America, America

Many tribes, one country.

For the longest time, my only idea of America was really New York City, where I worked. I had been to the West Coast, to Hawaii and to a few other places, but really when you spend a week on holiday, you hardly get to know a country this big. It’s only when I actually lived in America, that I started understanding the nuisance of different States, accents and beliefs.

Our brain seems to be set up in a way that it wants a clear answer, a clear understanding, a logical explanation and rationalisation of the world in front of you. America defies that logic.

It’s a young country, built on a good vision by its founding fathers, based on the individual and its own pursuit of a path in life.

Like any democracy, there is a line somewhere between the power of the individual, and the power of a central government. In the US, there is a lot more emphasis to empowering the individual – however, like in many other Western countries, the suspicion is spreading among the people that politicians have been using their power to favour large business and globalisation, while ignoring the local working class. The power given to the individual appears more and more as a mirage, unless you have the money to exercise that power.

What the founders probably did not consider, is that if a government leaves individuals completely free, and a nation forgets certain morals that have contributed to its founding, individuality can become selfishness and result in aggressive conflict. I have never seen a more litigious society than the US.

For anything you can do, there will be someone ready to sue you, hoping to get something out of it. I recall what someone told me, when I was living in the US – the best thing that can happen to you in New York, is getting only mildly hit by a car, so you can claim huge insurance payment and be set for life.

That to me is the most perverse logic – we don’t even have it that bad in Italy, where the idea of scamming the system is mainstream culture.

What is more and more clear to me about the US, is that it is sadly a country in decline – buildings and infrastructure are largely dated, bureaucracy has been on the rise, many people live in real poverty and misery, and each government clings to idea of past greatness to project some sense of unity and optimism.

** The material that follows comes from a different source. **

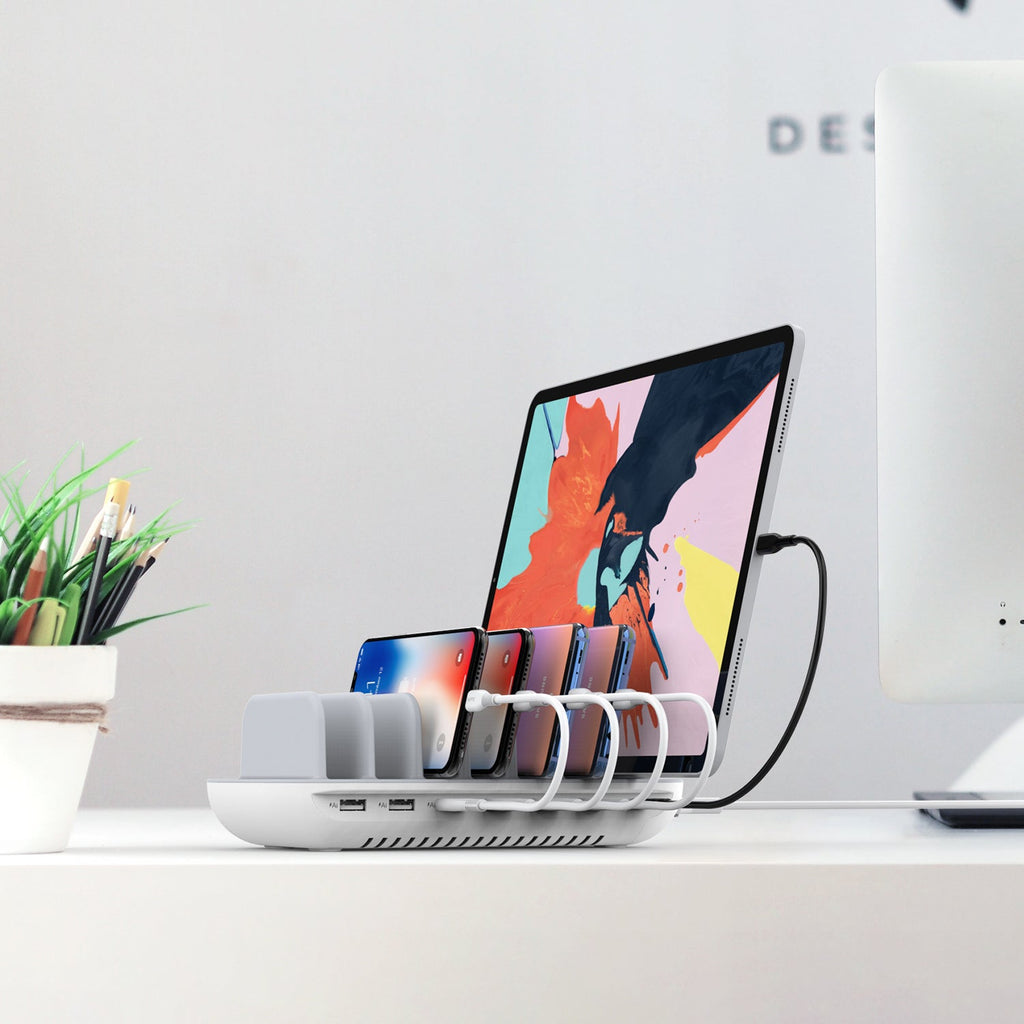 SooPii CS70 70W charging station with 7 ports and mixed cables, designed for fast, multi-device charging.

Many US citizens really believe that they are special, incredibly lucky, and that they live in the best country in the world. And you could argue that it’s true, especially if you have a lot of money. And they are often puzzled when they travel abroad, and find out that Europeans are quite happy to stay in Europe, and don’t consider the US such a great place to move to.

A similar perspective has been clear to me in this time of Covid – by reading the news and following people on Twitter. Americans seem to feel largely immune to Covid, as if by being American you somehow have an immunity patent. I have never seen so many people criticising the use of masks like in the US, making even weird associations between wearing a mask and being enslaved by the government. And now that Covid is running wild across the US, very few people still seem to take it seriously, and claim that the large numbers are only due to great and pervasive testing. That will definitely be a factor, and we can’t trust China to tell the truth on numbers, but China managed to turn things around and keep the virus under control pretty much in two months. Now, in July, it has been over four months since the spreading started in the US, and the country is in the worst shape it has ever been.

All that said, the US still provide a lot of opportunity for any hard-working person who is able to ignore the nonsense going on in the culture. It’s a huge single market, things can get done, customer service is excellent, you can get space for a decent price (outside of the main cities of course) and you can live a good life. People are a lot more courageous, friendly and helpful than you generally see in Europe. They are relatively narrow-focused, and mainly care about their business and family, and do the best they can. I may be very wrong, but from where I stand, there would be few things that a government could do, and seriously turn a country like the US around to be unstoppable. And it’s not too late for that. Sometimes I wonder if it is too late for Italy instead, for example. It’s a much tougher way out, that Italy must still face.